宗森 口で言うのは簡単ですけど、社員の行動力を育て組織風土をつくっていくことに計画的に取り組むのは非常に難しい。先ほどのマインド思考とオペレーション思考の話にもつながりますが、計画に落とし込む発想の時点で、すでにオペレーション思考が始まっています。総花的に計画を立てて、段取りで組織を動かすのとは全く違う次元で、どうやって組織の行動を変容させていくか試行錯誤しているところです。

―― 何かヒントはつかめましたか。

宗森 今日明日で実現できる話ではなく、時間がかかると思います。それでも僕自身が率先して、圧倒的な行動力を発揮することで組織に影響を与えていきたい。例えば、半年に1度ずつ、全国の店舗を順番に回って社員と対話し、現場の課題を吸い上げる機会を設け、その課題を本気ですべて解決しようと思って、真剣にメモを取っています。

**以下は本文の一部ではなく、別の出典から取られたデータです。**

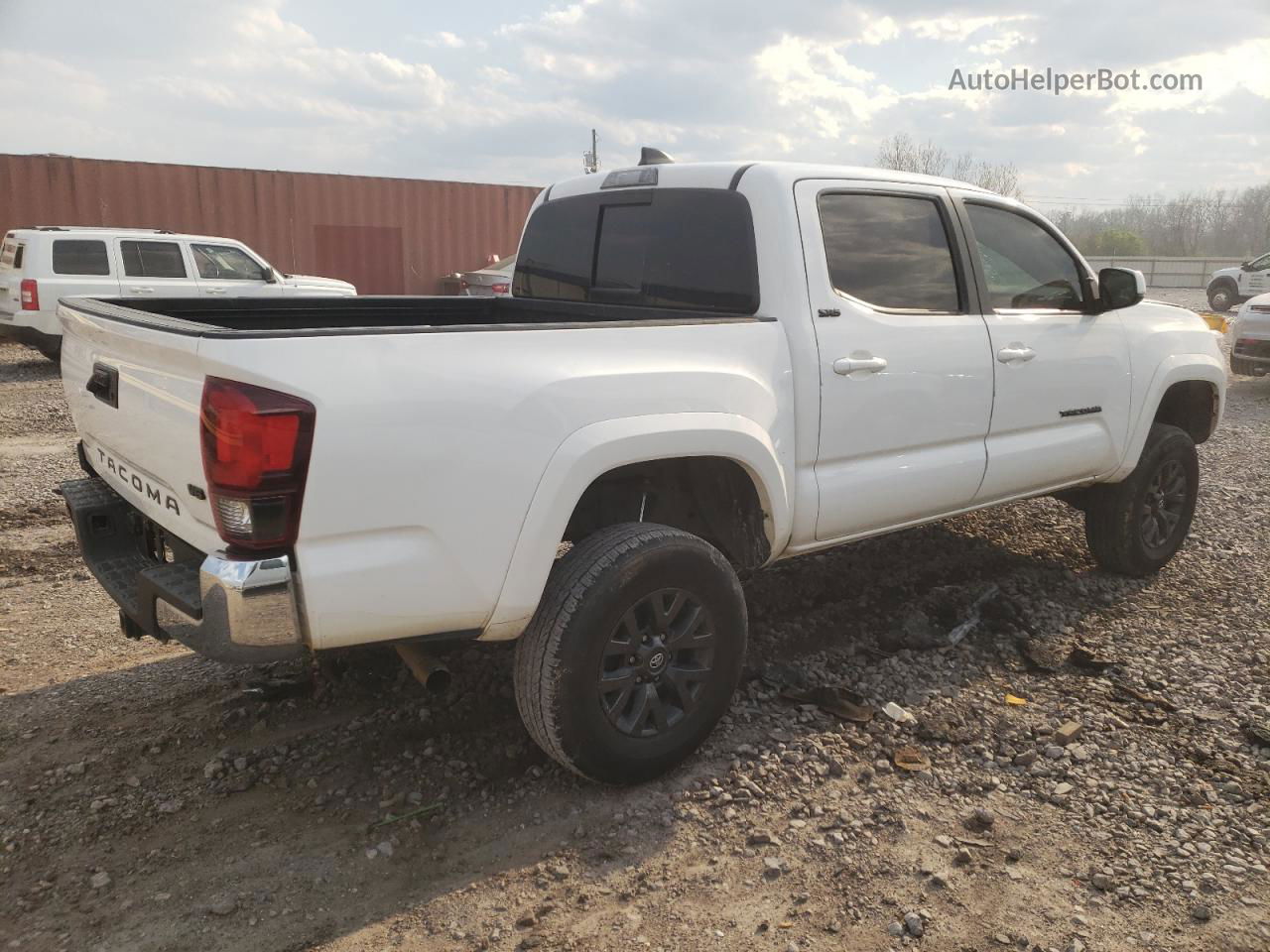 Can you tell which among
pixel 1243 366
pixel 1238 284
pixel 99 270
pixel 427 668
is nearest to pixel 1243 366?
pixel 1243 366

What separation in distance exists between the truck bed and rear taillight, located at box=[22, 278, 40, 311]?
371 inches

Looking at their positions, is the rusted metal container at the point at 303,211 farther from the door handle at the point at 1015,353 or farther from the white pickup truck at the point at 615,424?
the door handle at the point at 1015,353

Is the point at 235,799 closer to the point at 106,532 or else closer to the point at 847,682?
the point at 106,532

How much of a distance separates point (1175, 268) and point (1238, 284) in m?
23.5

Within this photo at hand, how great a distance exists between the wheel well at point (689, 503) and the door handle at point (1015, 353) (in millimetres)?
1356

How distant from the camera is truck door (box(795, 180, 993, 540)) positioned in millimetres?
3381

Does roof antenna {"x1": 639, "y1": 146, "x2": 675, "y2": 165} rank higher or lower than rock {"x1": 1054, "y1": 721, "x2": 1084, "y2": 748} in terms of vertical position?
higher

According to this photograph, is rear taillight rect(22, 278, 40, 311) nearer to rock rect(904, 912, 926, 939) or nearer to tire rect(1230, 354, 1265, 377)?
rock rect(904, 912, 926, 939)

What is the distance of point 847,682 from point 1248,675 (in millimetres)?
1618

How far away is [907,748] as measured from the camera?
10.8 feet

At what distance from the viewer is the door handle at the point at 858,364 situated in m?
3.34

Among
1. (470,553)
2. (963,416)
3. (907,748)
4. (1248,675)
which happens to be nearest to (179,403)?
(470,553)

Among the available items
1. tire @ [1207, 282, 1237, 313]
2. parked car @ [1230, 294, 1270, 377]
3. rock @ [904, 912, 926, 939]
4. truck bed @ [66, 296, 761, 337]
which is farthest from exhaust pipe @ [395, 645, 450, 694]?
tire @ [1207, 282, 1237, 313]

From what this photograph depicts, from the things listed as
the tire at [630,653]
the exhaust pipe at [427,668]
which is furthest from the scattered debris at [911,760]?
the exhaust pipe at [427,668] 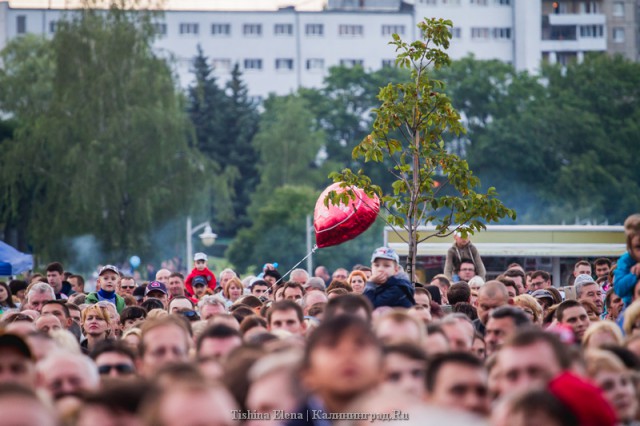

 大丸心斎橋店はインバウンドが活況で、現場の担当者は語学力が堪能なだけでなく、商品知識や販売スキルも求められるようになっています。心斎橋店に行った時に、「インバウンドに対応した人材の育成について社長はどう考えていますか」と聞かれて、即答できなかったことがありました。ここで人事にスルーパスしてはいけないと思うんです。もちろん人事にも伝えます。でも、それで終わりではなくて、実際に僕も現場を見に行ってみる。もし進捗が芳しくないようであれば、自分で状況を細かく確認する。ここまでやるのが、圧倒的な行動力です。

 いやいや、そんな現場の話ではなくてもっと他のことをしてくれという声もあるかもしれません。そう言われたら、「これがメインの仕事です」にすればいい。それだけの話です。どこにコアコンピタンスを置くかを決めるのが経営であって、今僕が挑戦している仕事は、そういうことなんです。